Key Highlights
- Polish lawmakers approve digital asset legislation aligned with EU MiCA standards.
- Government-backed cryptocurrency bill advances despite ongoing Zondacrypto investigation.
- Exchange scandal intensifies calls for stricter oversight of Poland’s crypto sector.
- Legislative milestone reached as European Union’s July compliance deadline approaches.
- Presidential veto remains possible threat to Poland’s cryptocurrency regulatory framework.
Polish legislators took a significant step toward comprehensive cryptocurrency oversight Friday by passing a government-sponsored digital asset regulation bill. This legislative action positions Poland to meet the European Union’s upcoming MiCA compliance requirements by July while responding to mounting concerns following a domestic exchange crisis.
Parliamentary Approval Marks Regulatory Milestone
The lower chamber of Poland’s parliament endorsed the legislation following extended debates about digital asset oversight responsibilities. This framework brings Polish regulations into harmony with the European Union’s Markets in Crypto-Assets Regulation. The legislation must now navigate additional stages, with presidential endorsement far from guaranteed.
Under the approved framework, Poland’s Financial Supervision Authority gains expanded jurisdiction over the crypto market. The regulatory body receives authority to halt token offerings, freeze accounts, and impose sanctions on companies that hinder regulatory examinations.
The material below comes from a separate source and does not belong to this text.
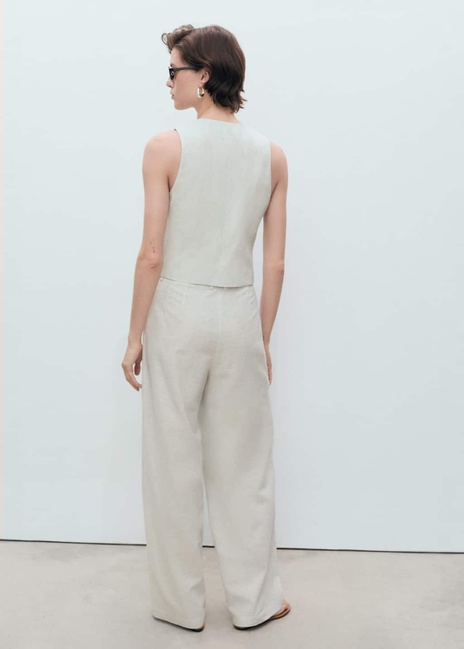 Женские молочные брюки Mango артикул 87038267 05 8 season Фото ракурс 2 - Женские молочные брюки Mango артикул 87038267 05 8 season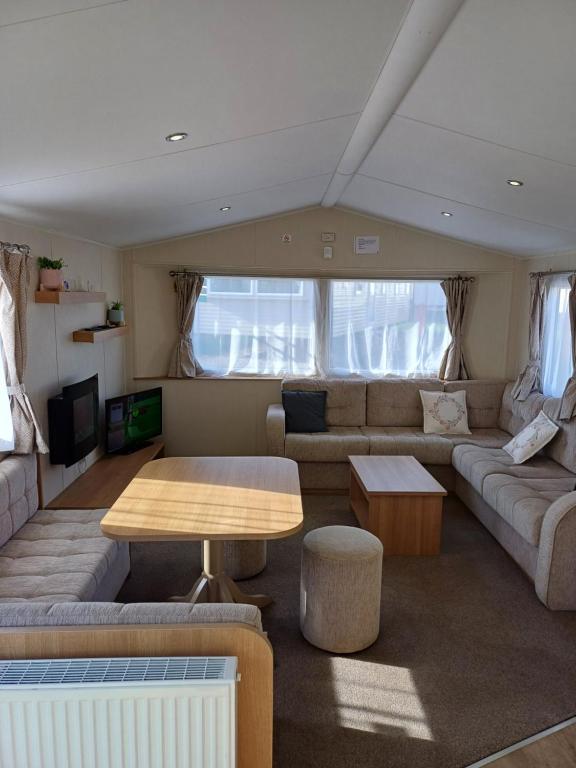 a living room with a couch and a table at Caravan Holiday Home @ Marton Mere, BLACKPOOL in Blackpool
According to the government’s proposal, financial penalties could reach as high as 25 million zlotys.
Warsaw confronts urgent pressure to implement MiCA-compliant regulations before the summer deadline. Failure to establish a national regulatory structure could result in Polish cryptocurrency businesses losing their operational licenses. This potential outcome has elevated the bill’s importance for both market participants and policymakers.
Exchange Collapse Intensifies Regulatory Urgency
The parliamentary vote occurred against the backdrop of an ongoing criminal investigation into Zondacrypto, previously Poland’s dominant digital asset trading platform. Thousands of customers continue to face blocked access to their holdings on the exchange. Government officials calculate total customer losses exceeding 350 million zlotys.
The situation has amplified public anxiety regarding insufficient regulatory safeguards and exchange accountability. Criminal prosecutors launched the fraud investigation following a surge in user complaints. Law enforcement agencies now conduct comprehensive reviews of the platform’s historical business practices.
Prime Minister Donald Tusk has publicly connected the trading platform to suspected Russian criminal networks. He has referenced intelligence agency assessments concerning the exchange’s financial backing origins. The exchange’s management has rejected these accusations while facing escalating political scrutiny.
Executive Branch May Derail Legislative Progress
President Karol Nawrocki previously rejected prior cryptocurrency legislation from Tusk’s administration. His rationale centered on concerns that excessive penalties would drive digital asset companies away from Polish jurisdiction. His counter-proposal maintained comparable regulatory standards while lowering maximum fine amounts.
Certain lawmakers have advocated for more aggressive measures, including complete prohibition of cryptocurrency operations. This alternative emerged from members of the Law and Justice party. The Sejm will address that proposal following resolution of the primary regulatory measures.
Poland now navigates a challenging balance between European Union obligations and internal political tensions. Advocates argue the legislation provides necessary clarity following the Zondacrypto breakdown. Another executive veto, however, could postpone regulatory implementation and intensify market uncertainty throughout the industry.